オーストラリア・ニューサウスウェールズ州のグラディス・ベレジクリアン首相は17日、今年3月にクルーズ船「ルビー・プリンセス」がシドニーに入港した際、新型コロナウイルスの感染が疑われる乗客を下船させたことについて、アウトブレイク(大流行)対応にミスがあったと謝罪した。

米クルーズ船会社「プリンセス・クルーズ」所有のルビー・プリンセスは3月にシドニーに入港した。乗客約2650人の多くがせきなどをしていたものの、州当局は乗客が下船し、そのまま電車やバスで帰宅するのを認めた。

離島にあるタスマニア州の病院で拡大したクラスターを除くと、下船した乗客から62人に2次感染した。

ベレジクリアン州首相は「残念なことに、とりわけ62人については、教訓がすぐに生かされていなかった」と謝罪した。

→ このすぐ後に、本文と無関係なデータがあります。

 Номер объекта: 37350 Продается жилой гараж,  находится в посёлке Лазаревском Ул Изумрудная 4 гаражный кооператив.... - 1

「愛する人や自分自身が苦しみ続け、そして結果としてトラウマを経験することになるなんて、私には想像もつかない。率直に謝罪したい」

調査で「重大なミス」と結論
ニューサウスウェールズ州の特別調査委員会は14日、ルビー・プリンセスに関する調査の結果を公表した。州保健当局が乗客の下船を許可したことは、「重大なミス」だったと結論付けた。

新型ウイルス感染の疑いがあったにも関わらず、乗客はウイルス検査を受けていなかった。

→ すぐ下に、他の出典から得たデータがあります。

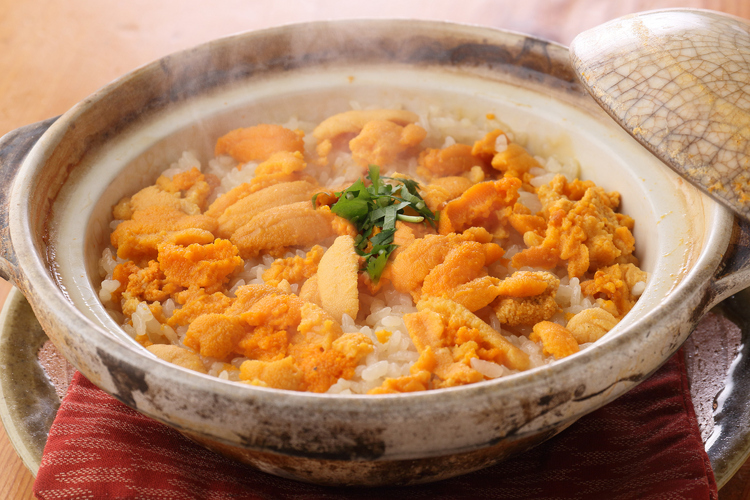 ウニは北海道根室市産。旬の食材を据えて通年提供する『炊き込み御飯』は店の看板メニュー。粒立ちの良い米の食感が美味しい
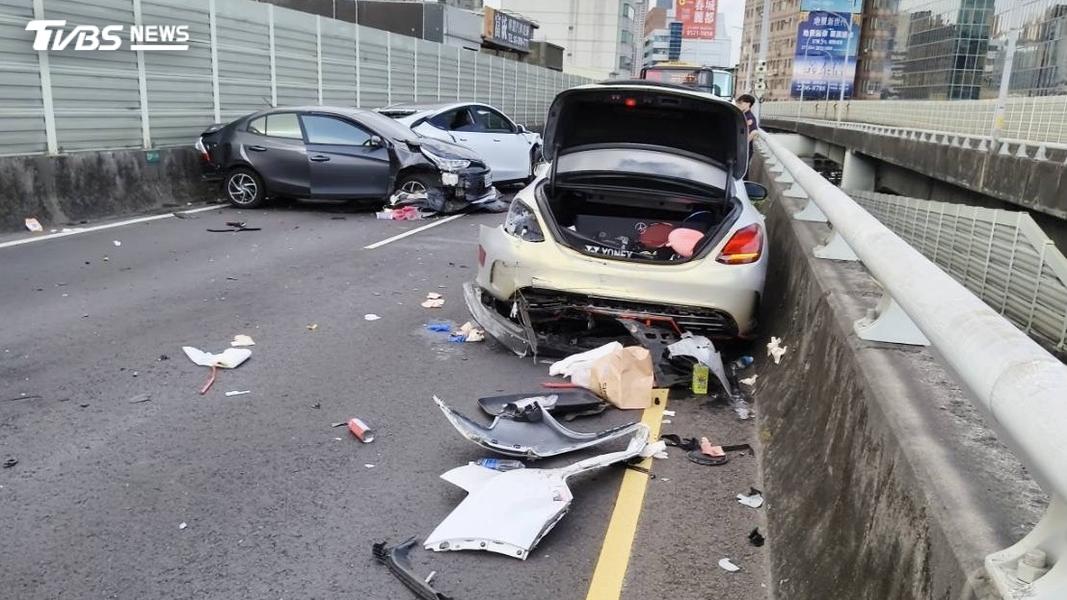 台1線高架道路稍早傳出多車追撞事故,造成8人受傷送醫。(圖/TVBS)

ルビー・プリンセスに関連した感染者は少なくとも900人に上り、28人が死亡した。

同クルーズ船は、今年6月にメルボルンで新型ウイルスの再流行が起きるまでは、オーストラリア最大のクラスター(感染者集団)の発生源だった。

どんなミスがあったのか
ニュージーランドへの11日間の往復クルーズを終え、ルビー・プリンセスは3月19日にシドニー港に入港した。乗客たちは下船し、公共交通機関や国内線、国際線のフライトを使って帰宅することを認められた。

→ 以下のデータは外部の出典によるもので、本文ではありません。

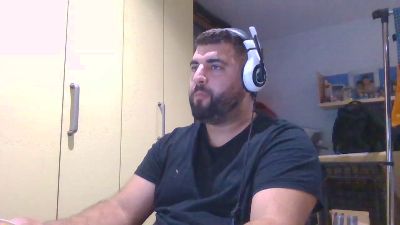 realKong webcam model stream image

14日に公表された調査報告書は、ニューサウスウェールズ州保健局は同クルーズ船について、感染リスクが低いと誤って判断したと結論付けた。

また、当局がクルーズ船が入港したその日に綿棒を使ったウイルス検査を行い、直ちに検査結果を得なかったのは「弁解の余地がない」と指摘した。

一方で、組織的な欠陥は見つからず、このミスはすでに州政府によって認識されていたとした。

ルビー・プリンセスでの対応に失敗した後、少なくともほかの十数のクルーズ船がオーストラリアの港での停泊を禁止された

政府による帰国者への指示に従い、ルビー・プリンセンスのオーストラリア人乗客のほとんどは自宅で自主隔離した。

乗客の少なくとも3分の1、約950人は海外からの利用者だった。

調査報告書は、乗客の多くがウイルス検査を受けられなかったため、実際に何人が感染していたのかを完全には評価できないとしている。